NOTE: It is possible for a system to go offline between the time a user loads the Anomalies detail page and drills down into the system in Resolve.

Sensors Involved

This graph is a deeper view of the sensors involved in the anomaly itself. It shows the sensor behavior in 15-minute increments, starting at the time the anomaly was detected.

In general, the sensor count will be higher than the system count. The sensor count on this graph is the total number of times the sensor has activated in a 15-minute window. For example, three systems could have each had one sensor activate. Or, one system could have had a sensor activated three times within the 15 minutes window.

Systems Timeline

The systems timeline shows how the count of systems has changed over time. The timeline reflects systems as they are added to the anomaly and as they move to the Recovered status. In this timeline, systems with the Monitoring status are accounted for in the Active section.

Activity Feed

The Activity Feed shows the history of the anomaly, starting at the time it was detected. As more systems are found to have the anomaly, or as systems move to the recovered category, the FQDNs display in the Activity Feed. An entry is also added to the feed when an assignee is added.

When more than 10 systems are added to the anomaly or moved to recovered, a Show Systems button displays in the Activity Feed. When you click Show Systems, it filters the Systems table to show those systems. Use the drop down list at the top of the Systems table to clear this filter.

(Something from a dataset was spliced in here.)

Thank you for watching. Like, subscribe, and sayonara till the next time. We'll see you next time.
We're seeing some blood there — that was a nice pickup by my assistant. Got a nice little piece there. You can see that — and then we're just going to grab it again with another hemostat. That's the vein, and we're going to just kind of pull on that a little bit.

Possible Events in the Activity Feed

Event

Example

Anomaly Detected

Systems Added: Less than Ten

Systems Added: More than Ten

Systems Moved to Recovered Status

Assignee Added

Anomaly Resolved

Resource Consumption Error

Previous Anomalies

From the Overview page, select Previous Anomalies from the drop down list to view historical data.

When you select Previous Anomalies, it shows all resolved anomalies from the past year.

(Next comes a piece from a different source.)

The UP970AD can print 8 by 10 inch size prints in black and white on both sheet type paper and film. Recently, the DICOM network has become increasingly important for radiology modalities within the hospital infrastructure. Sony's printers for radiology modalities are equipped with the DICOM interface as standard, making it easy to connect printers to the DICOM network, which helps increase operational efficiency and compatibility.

You can drill into details about previous anomalies to see what happened.

For previous anomalies, you do not have any edit access. You cannot change the assignee or modify the name of the anomaly.

The Systems table shows all the systems that were affected by the anomaly.

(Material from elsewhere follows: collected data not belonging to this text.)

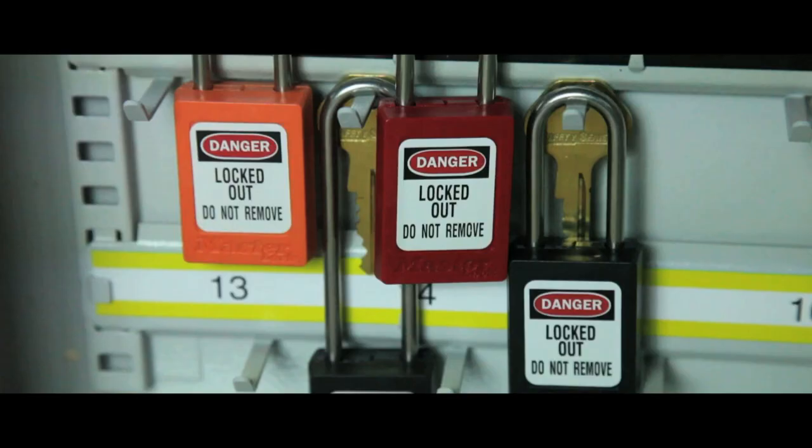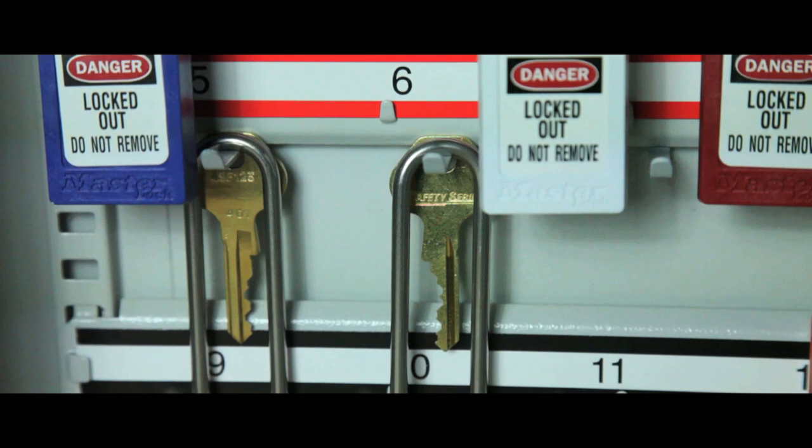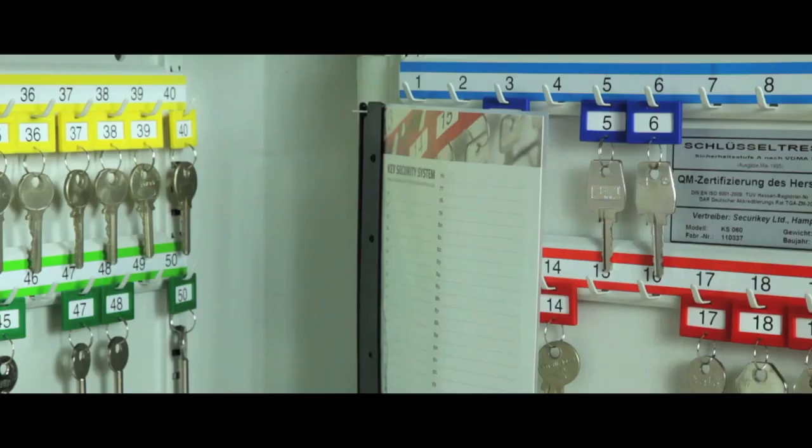The hooks are staggered to cater for long shackle padlocks and a removable control index is supplied in all models. All are supplied in a durable powder coated finish.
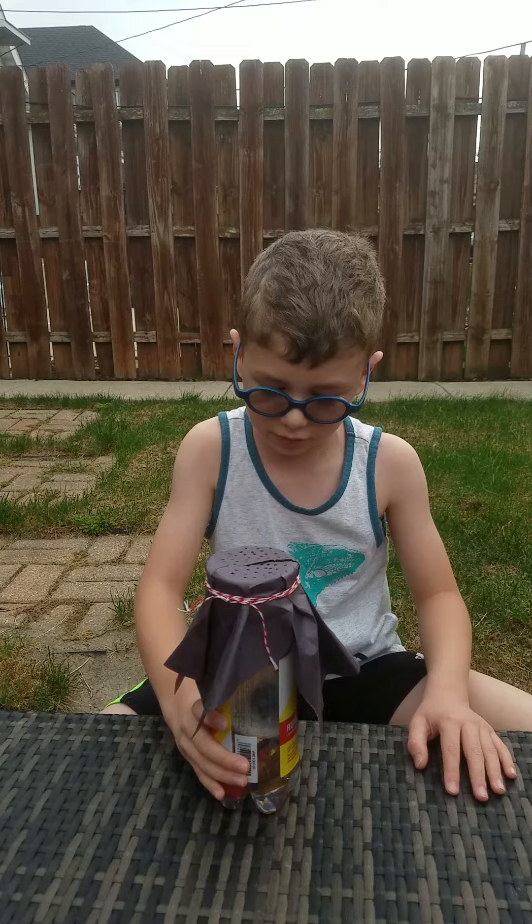When my dad was doing it, it got a cut. But you don't have to make the cut. And then you can maybe stake it around.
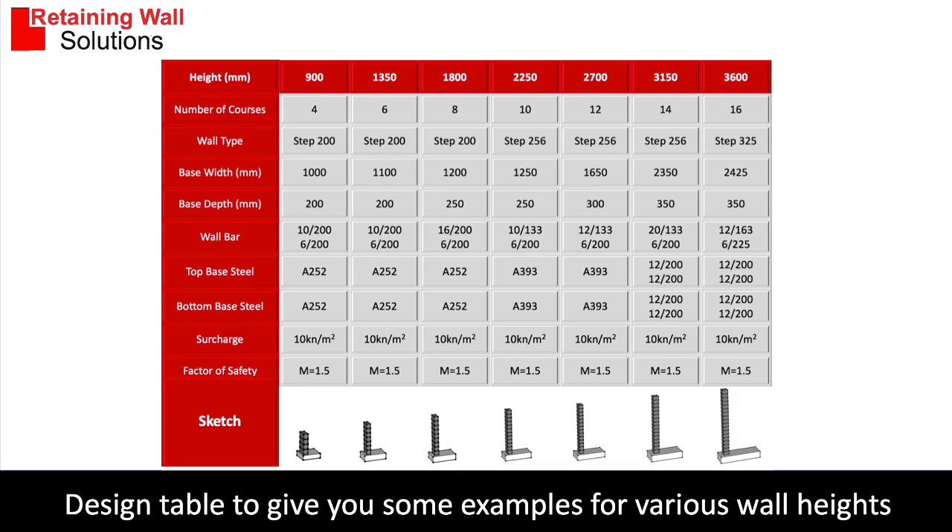This is a design table I've put together to show you some designs, and from the designs we can put some budgets against each one. It shows the wall height, number of courses, the type of wall block being used, the base width and base depth, the wall reinforcement, the top steel, and bottom steel.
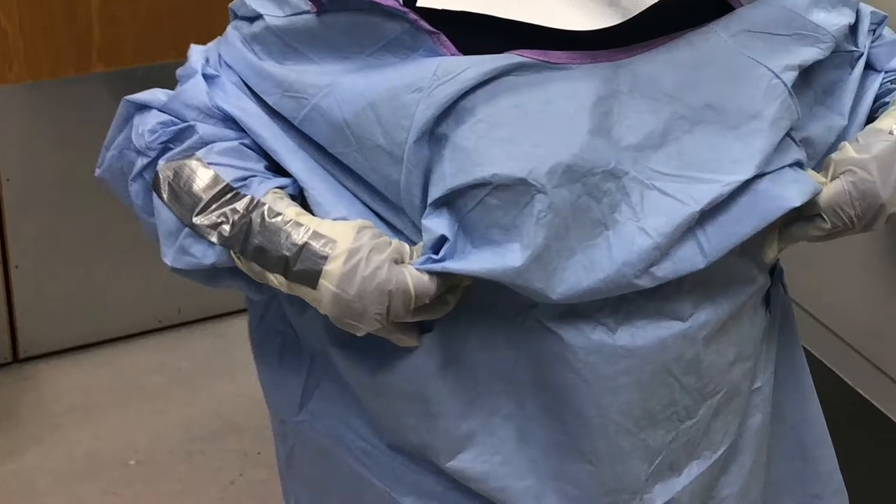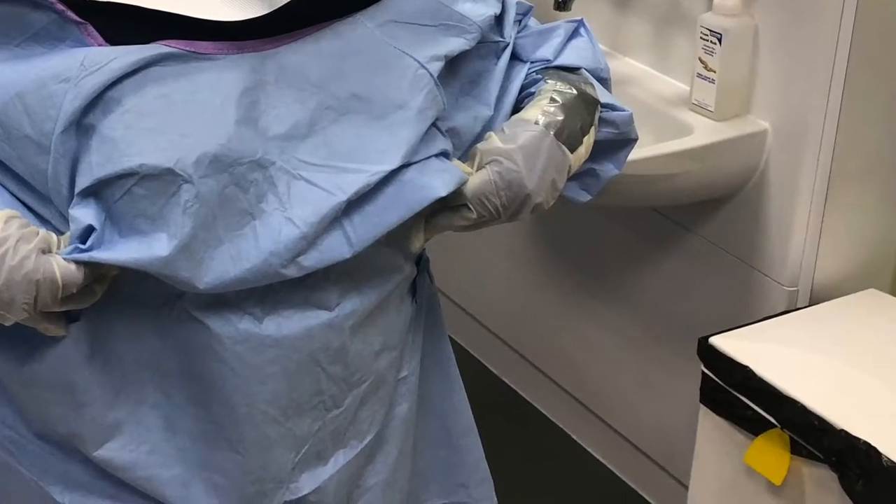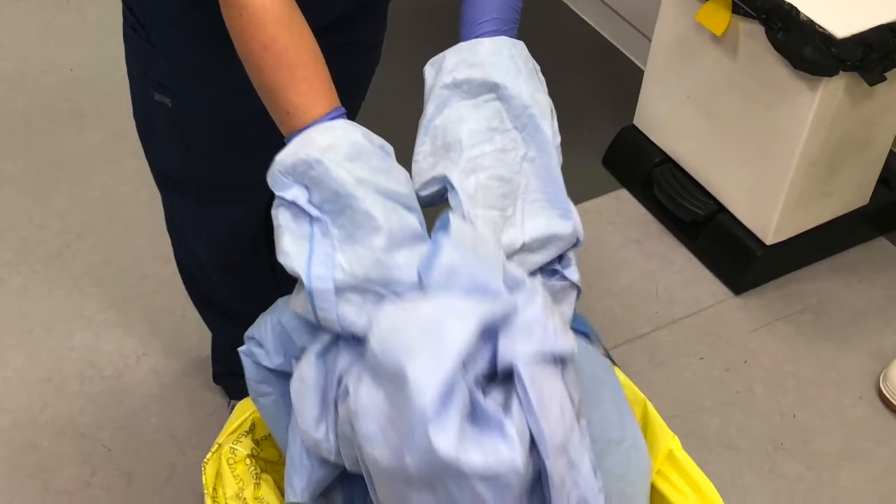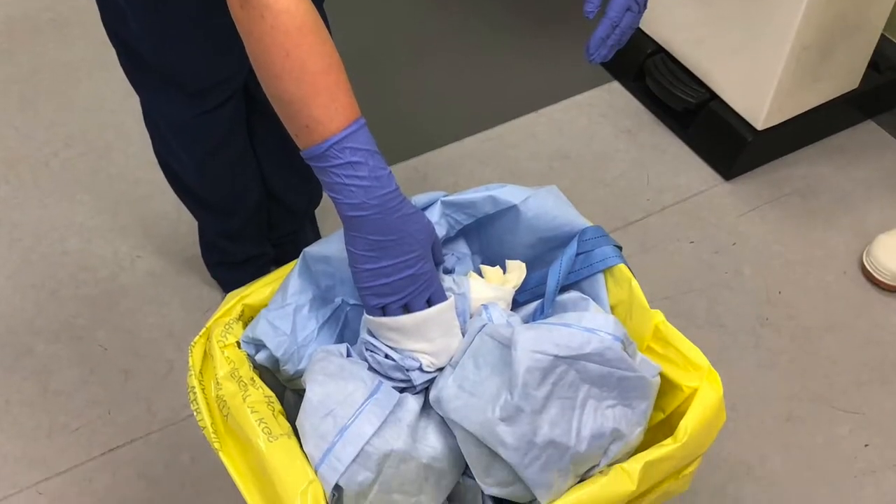Have your colleague give a visual inspection of your gown for damage. Untie the gown, and pulling down and away, rolling it inside out, place the gown into a bio-waste bin.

NOTE: The online status column indicates the current status of the device.

Resolve Anomalies

There are two possible ways for an anomaly to resolve:

  • 24 hours after all systems in the anomaly have moved to the recovered category

  • The count of all sensors involved in the anomaly returns to a normal range for the environment.

Notifications

An email notification will be sent to a designated list of recipients when an anomaly is detected.

NOTE: You cannot customize the content of an anomaly notification.

  1. To assign an anomaly notification, go to Configure > Sensor Configuration > Notifications.

  2. Click Recipients and then Add New Recipient.

  3. (Optional) Select an existing recipient. The Type must be user, Distribution List, or System with Email selected in Connection.

  4. Click Receive Anomaly Notifications to add them as an anomaly notification recipient.

User Notifications

  1. In Recipient Type, click User.

  2. Enter the First Name, Last Name and Work Email.

  3. Click Receive Anomaly Notifications.

  4. Click Add Recipient.

Distribution List Notifications

  1. In Recipient Type, click Distribution List.

  2. Enter Name and Email.

  3. Click Receive Anomaly Notifications.

  4. Click Add Recipient.

System Notifications

  1. In Recipient Type, click System.

  2. Enter Name.

  3. In Connection, select Email and then enter the email address.

    4. NOTE: Anomaly notifications are only sent by email. Webhooks are not supported for anomaly notifications at this time.

  4. Click Receive Anomaly Notifications.

  5. Click Add Recipient.

Filter by Anomaly Notification Recipients

On the Recipients tab, click Show Only Anomaly Notification Recipients. The list displays only those users, systems or distribution lists who are receiving anomaly notifications.